What Do You Know?: What is brown butter? Brown butter, also known as beurre noisette or "hazelnut butter" (due to the nutty scent and taste) is simply butter heated on a stove until the milk solids darken, thus turning the butter into a toasty brown hue. Brown butter is often used in French pastry-making and some savory dishes. Regarding the former, financiers, some caramel sauces, and madeleines are some examples of brown butter recipes. While butter melts in a pan, milk solids and the butterfat separate, as water evaporates. The milk solids fall to the bottom of a saucepan and will brown and it is common and normal for foam to appear on top. The clear part of the butter, butterfat, is called clarified butter, or "ghee", which is heavily used in Indian cusine for many curry dishes and as garnish brushed over naan breads. It is also used in Egyptian and Ethiopian cusine.
I began this baking adventure by clearing off my counter and gathering all of the ingredients and supplies needed. In the above photo, you'll see eggs, butter, a few vanilla beans, Madagascar bourbon vanilla bean paste, measuring spoons, Pyrex measuring cups and bowls, a metal bowl, almond flour, wheat flour and powdered sugar. What you don't see here is the baking tray I used. It's a muffin pan. As mentioned above, financiers are usually shaped like gold bars, which is traditional, so they are often baked in silicone financier molds. The second most popular shape is the muffin-round shape that I've chosen to give them.
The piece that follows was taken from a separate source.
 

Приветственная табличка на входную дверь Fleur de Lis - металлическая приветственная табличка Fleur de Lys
Financiers are easy to make, but because of the addition of almond flour, they can be somewhat expensive to make. I decided to buy my almond flour, rather than making it myself. I am absolutely fascinated with nut flours and would love to try experimenting making flours out of various nuts for different flavor results.
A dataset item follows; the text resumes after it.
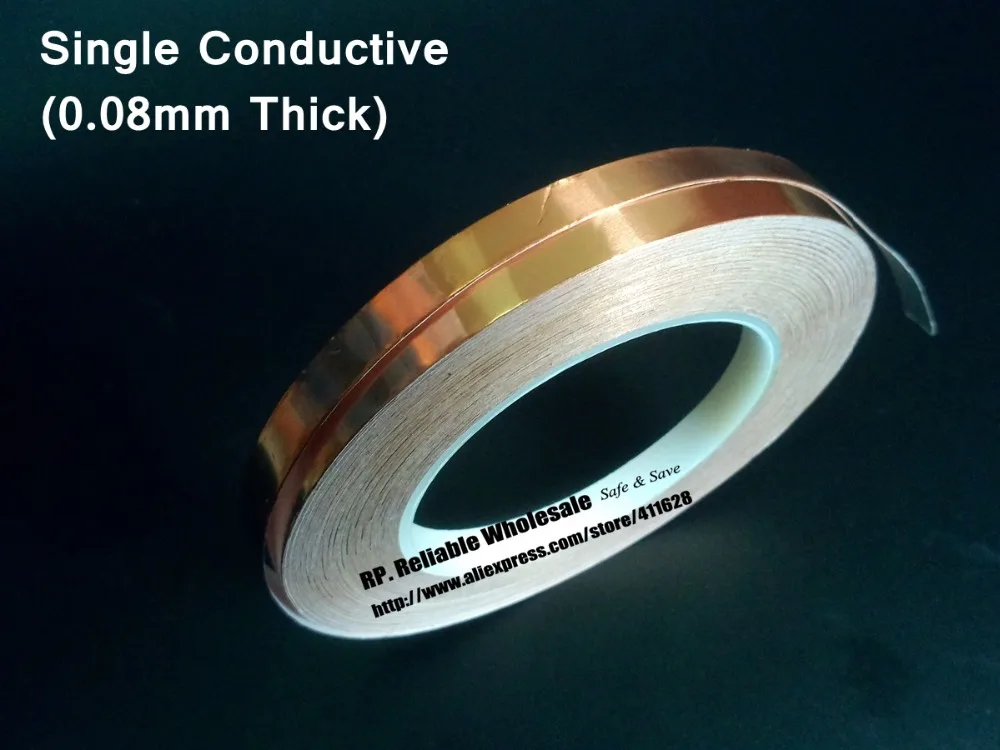 0.08mm thick) 100mm*30M Single Side Adhension Conductive Copper Foil EMI Masking Tape fit for PDA, Transformer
Here are more of the results and the recipe I used for the financiers:

Vanilla Bean Financiers

1 and 3/4 cup powdered sugar
2/3 cup almond flour/meal
1/2 cup + 1 tsp flour
5 egg whites (room temperature)
5.5 oz butter (to brown)
1 vanilla bean 
1 tsp vanilla bean paste or extract

  1. Get a small saucepan and melt the butter on medium-low heat, stirring occasionally to keep the butter from scorching at the bottom
  2. As the butter continues to melt, split open the vanilla bean pod with a knife, to expose and scrape the seeds, and place both the seeds and the entire pod in the melting butter to begin infusing the butter with vanilla flavor. (This will begin to fill the surroundings with an intoxicating fragrance.)
  3. Take the butter off the heat and set it aside, once it reaches a toasty brown color, not "black" (If "black", this is called beurre noir or black butter, when milk solids turn a very dark brown, which is used in some savory dishes such as pasta).
  4. Put all of the dry ingredients into a mixing bowl and whisk together for even distribution - almond flour, flour, powdered sugar.
  5. While whisking, add egg whites to dry mixture, one at a time.
  6. Add the vanilla bean paste of extract
  7. Stir the brown butter into the mixture and fully incorporate
  8. Keep the mixture in the bowl and refrigerate for 1 hour, covered.
  9. Preheat the oven at 300-400 toward the end of the refrigeration period
  10. Once set, take the mixture out of the refrigerator and begin spooning evenly into the slots of a muffin pan or bar mold sheet, or any baking tray or mold of your choice. (No need to butter the molds as this will cause your financiers to cook too quickly and burn on the bottom, since they have a lot of butter in the batter already. I certainly know this by trial and error, as my first batch came out this way and I had to redo them) 
  11. Bake the financiers for 8-18 minutes, depending on your oven, the depth and size of your molds, and/or the position of your oven rack. (I found that I had to lower the temperature of my oven to evenly bake my financiers and prevent the bottoms from browning much quicker than the tops. I set my oven at 320 and baked them for 15-18 minutes and kept a close watch as they baked, until they were a perfect golden brown)
These are the best, eaten warm and just freshly baked. They are very hard to stop eating because the flavor creates an obsession.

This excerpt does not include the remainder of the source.